Review Summary: A good album and an improvement on 2005's 'Garden Ruin', but not as good as it could have been, sounding a bit like it's stuck between Calexico's early cinematic and atmospheric rock and newer poppier sound
When deciding on a band name, Calexico really made an excellent choice. Named after a Californian town on the Mexico/America border, itself a mixture of the words ‘California’ and ‘Mexico’, ‘Calexico’ symbolised the blending of Mexican and American cultures and music. This was a formula that the band perfected with their unique fusion of traditional American folk and Mexican mariachi music, using both to create magnificent soundscapes that brought to mind images of driving through the desert.
2006’s ‘Garden Ruin’ saw Calexico, possibly influenced by their work with Iron & Wine, leaving their previous over-the-top and rich cinematic style and much of the Mexican influences, and replacing them with a more lo-fi, poppy and subdued, and unfortunately as a result, much less interesting, indie-folk style. This change was very unpopular with much of their fan base, so ‘Carried to Dust’, as the name implies, attempts to recapture the striking Spaghetti Western atmosphere that made Calexico so good in the first place.
The problem is that Calexico seem reluctant to leave their new minimalistic style, and don’t quite succeed in capturing the atmosphere of their earlier albums like ‘Feast of Wire’ with it. ‘Feast of Wire’ used violins, trumpets, accordions and all sorts of instruments over sparse drumming and epic vast sweeping pedal steel guitar soundscapes to create the desert atmosphere, and mixed together influences from jazz to country music, but the simplified structure here doesn’t quite give the atmosphere enough room to grow. 1991’s ‘The Black Light’ was also quite minimalistic compared to ’Feast of Wire’ but the dark and bleak mood that was present in it is missing here completely.
The Mariachi element does make a slight return, but now feels forced and maybe even a bit gimmicky. The horns are downplayed, hidden away to small sections of a few songs, and the album opener ‘Victor Jara's Hands’ and ‘Inspiracion’ contain some brief singing in Spanish, to add to Joey Burn’s whispery vocals.
As a result, this album feels stuck in the middle of the two styles - not atmospheric enough for their old style and just about poppy enough for the new one to be really successful. Saying that, there are some gems on here. The album starts fantastically. ‘Victor Jara’s Hands’ for example, is a folk song of absolute beauty, and ‘Two Silver Trees’ is a pretty ballad with a great melody, though admittedly not a lot more.
Unfortunately there are a lot of songs that just don’t work.

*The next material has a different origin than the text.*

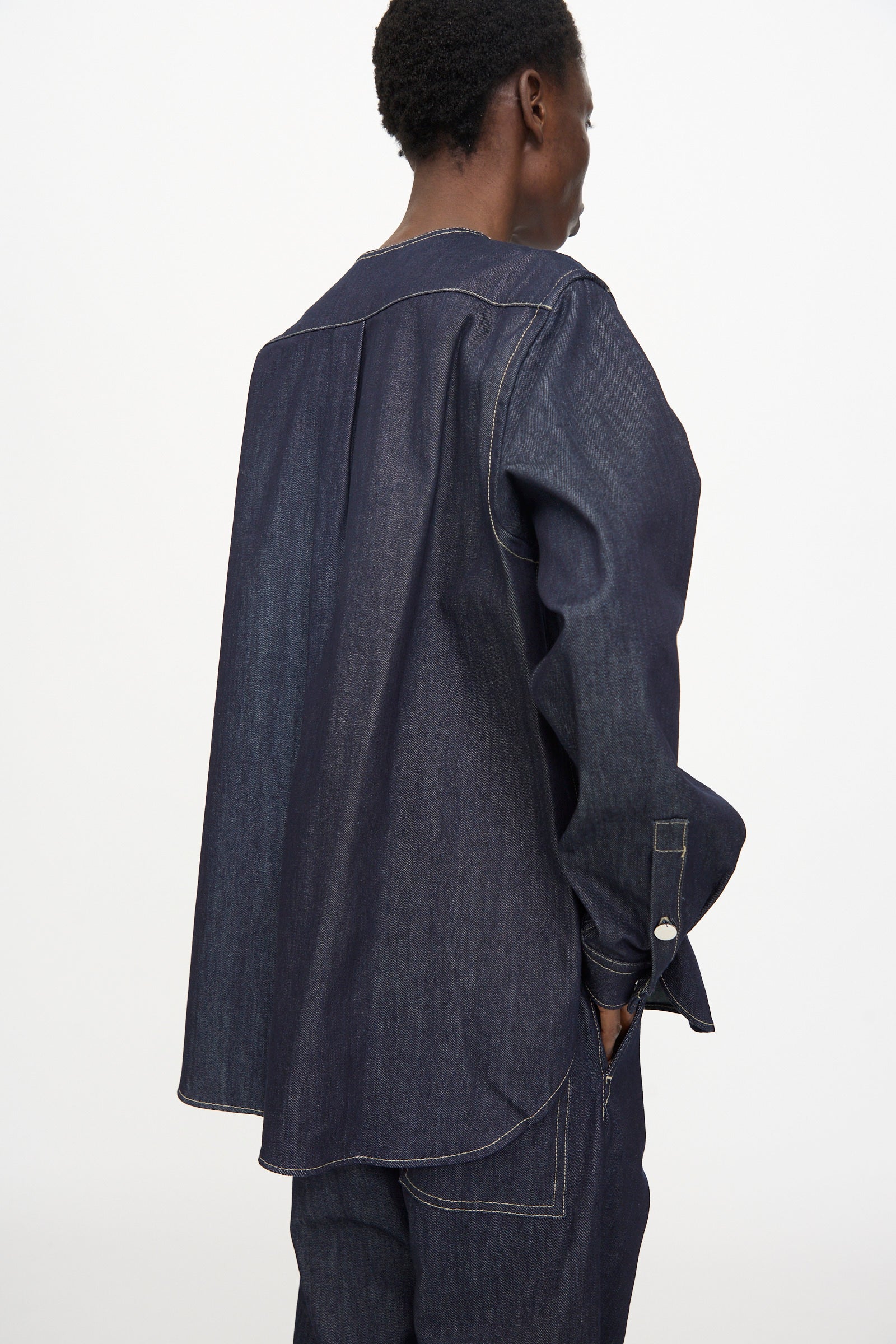 A person stands sideways against a plain white background wearing the Sofie D'Hoore Barna Shirt in Midnight, a relaxed fit long sleeve shirt in dark denim with visible stitching, paired with matching denim pants.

The filler tracks appear around the middle of the album, so it becomes easy to have lost interest in the album by the end. At times it can be slightly surprising like the lively ‘Man Made Lake’ complete with distorted guitar, a country song, ‘Slowness’ and the guest vocals in ‘Inspication’ (Iron & Wine, Pieta Brown and Tortoise bassist Doug McCombs all make appearances) but it’s not enough to keep the album consistently interesting. There is a lack of the experimentation found in previous Calexico releases and except for a saxophone on part of one of the best tracks, ‘Bend In the Road’, no jazz songs that the band once excelled in.
‘Carried to Dust’ contains just enough change to prevent it from sounding the same as a million other indie-folk bands of the sort that Calexico used to tower over, albeit a bit better than most. It’s a step in the right direction for Calexico after ‘Garden Ruin’, but not far enough.